Sistemin tecrit-tretmanla devreye soktuğu, ideolojik-politik fiili çok çeşitli olan “havuç-sopa” biçimindeki saldırılarına karşı biz de kendimizi ideolojik mücadeleyi elden bırakmadan, kendimize ve dışımıza karşı sürekli mücadele ederek, iç denetimi sağlayıp kendimizi disipline edebilir ve o oranda da dışımızla mücadelede daha güçlü olabiliriz. Aksi taktirde tecritin koşullarının da etkisiyle yerde burjuvazi yeşerir, o boşluğu doldurur. Bu da zamanla daha da güçlenerek tutsakta önce içe kapanmayı sonra adım adım gerilemeyi getirir. Devrimci düşünüş ve değerler zayıflamaya başladığında olaylara kendi merkezli bakarak, adım adım örgütlü yaşamdan, örgütlüğünden, kolektiften, kolektif düşünceden uzaklaşarak bireyi-beni yaşamın merkezine oturtmasını sağlar. Kendi ihtiyaçları, istek ve arzularını ön plana çıkararak, kendisi için yazan, kendisi için okuyan kolektif ve sınıf mücadelesinin ihtiyacını hiçe sayan bireyler haline getirir. Ben merkezci, çıkan sorunları kendi dışında görme/arama, kibirli, kariyerist vs. anlayışların gelişmesine parti, devrim ve halk gibi kavramların silikleşerek yerine kişisel istek, ihtiyaç ve özlemlerin alması kendine dair bir dünya yaratmasını getirir. Sistemin hedeflediği de budur.
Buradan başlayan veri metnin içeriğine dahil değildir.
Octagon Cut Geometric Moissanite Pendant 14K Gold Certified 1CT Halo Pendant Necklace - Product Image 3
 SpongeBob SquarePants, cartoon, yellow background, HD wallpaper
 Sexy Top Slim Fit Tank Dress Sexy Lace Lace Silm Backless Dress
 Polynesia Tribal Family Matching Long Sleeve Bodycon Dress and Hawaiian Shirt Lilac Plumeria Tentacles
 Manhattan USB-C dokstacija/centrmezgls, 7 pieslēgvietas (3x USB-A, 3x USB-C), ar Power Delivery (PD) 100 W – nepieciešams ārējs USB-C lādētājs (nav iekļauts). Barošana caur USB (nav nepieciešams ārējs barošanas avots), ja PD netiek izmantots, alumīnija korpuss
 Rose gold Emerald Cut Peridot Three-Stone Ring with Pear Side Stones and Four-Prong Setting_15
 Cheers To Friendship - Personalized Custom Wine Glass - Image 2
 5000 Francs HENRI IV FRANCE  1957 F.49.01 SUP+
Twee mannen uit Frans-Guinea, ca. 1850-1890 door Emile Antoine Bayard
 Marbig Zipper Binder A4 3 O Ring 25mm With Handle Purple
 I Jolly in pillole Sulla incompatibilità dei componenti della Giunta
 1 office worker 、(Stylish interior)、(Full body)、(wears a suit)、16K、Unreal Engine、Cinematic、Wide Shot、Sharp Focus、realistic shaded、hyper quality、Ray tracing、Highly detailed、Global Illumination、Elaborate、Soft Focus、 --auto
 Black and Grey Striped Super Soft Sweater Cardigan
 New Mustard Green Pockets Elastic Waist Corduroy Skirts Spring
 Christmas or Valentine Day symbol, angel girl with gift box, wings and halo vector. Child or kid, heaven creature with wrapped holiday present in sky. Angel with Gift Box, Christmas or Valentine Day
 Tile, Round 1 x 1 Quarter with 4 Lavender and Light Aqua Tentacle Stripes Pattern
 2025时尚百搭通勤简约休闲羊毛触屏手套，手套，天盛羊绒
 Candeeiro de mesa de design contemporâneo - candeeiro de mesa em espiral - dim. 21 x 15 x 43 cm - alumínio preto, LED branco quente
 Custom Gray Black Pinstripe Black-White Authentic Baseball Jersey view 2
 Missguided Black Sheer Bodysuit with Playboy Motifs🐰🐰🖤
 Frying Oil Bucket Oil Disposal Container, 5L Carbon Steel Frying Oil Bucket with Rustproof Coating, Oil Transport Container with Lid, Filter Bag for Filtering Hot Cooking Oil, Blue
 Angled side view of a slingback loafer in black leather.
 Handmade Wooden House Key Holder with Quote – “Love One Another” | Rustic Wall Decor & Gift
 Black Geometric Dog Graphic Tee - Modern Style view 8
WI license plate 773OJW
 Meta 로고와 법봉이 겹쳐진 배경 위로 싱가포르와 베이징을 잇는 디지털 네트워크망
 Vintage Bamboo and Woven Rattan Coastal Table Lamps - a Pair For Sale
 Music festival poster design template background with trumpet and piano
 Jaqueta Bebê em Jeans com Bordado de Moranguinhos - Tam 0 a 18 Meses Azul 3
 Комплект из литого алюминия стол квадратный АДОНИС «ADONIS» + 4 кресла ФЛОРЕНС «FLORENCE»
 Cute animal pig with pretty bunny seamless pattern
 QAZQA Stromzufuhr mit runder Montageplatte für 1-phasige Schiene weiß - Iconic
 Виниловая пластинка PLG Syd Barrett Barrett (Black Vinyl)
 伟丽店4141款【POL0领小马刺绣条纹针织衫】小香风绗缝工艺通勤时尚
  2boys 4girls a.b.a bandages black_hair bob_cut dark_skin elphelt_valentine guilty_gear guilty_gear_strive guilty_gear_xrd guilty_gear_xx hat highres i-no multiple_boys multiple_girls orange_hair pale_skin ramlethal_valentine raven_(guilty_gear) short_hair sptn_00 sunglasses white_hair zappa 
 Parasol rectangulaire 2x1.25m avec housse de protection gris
Bir kez daha belirtmek gerekir ki bu savaşta tecrite karşı kazanılacak zaferin sonucunu belirleyecek olan bedenimizin tecrit olmamasıdır. Beynimize bilincimizde hücrelerin oluşturulmasına izin vermememiz var olanları parçalamamızdır.

Ancak unutmayalım ki tecrit saldırısı sadece tutsaklara, hapishanelere yönelik değil, tüm topluma dayatılan bir saldırıdır. İster içeride ister dışarıda olsun sistem kolektif ruhu parçalayabildiği oranda amacına ulaşabilir, kendini koruyup yeniden üretebilir. Buna izin vermemek bizim elimizdedir. Bunun için içeride, dışarıda mücadeleyi birleştirerek büyütebilir, güçlü kılabilir ve sistemin tecrit saldırılarını boşa çıkarıp parçalanabilinir. Sloganımız ve odağımız özetle hep ifade ettiğimiz gibi, içeride dışarıda hücreleri parçala!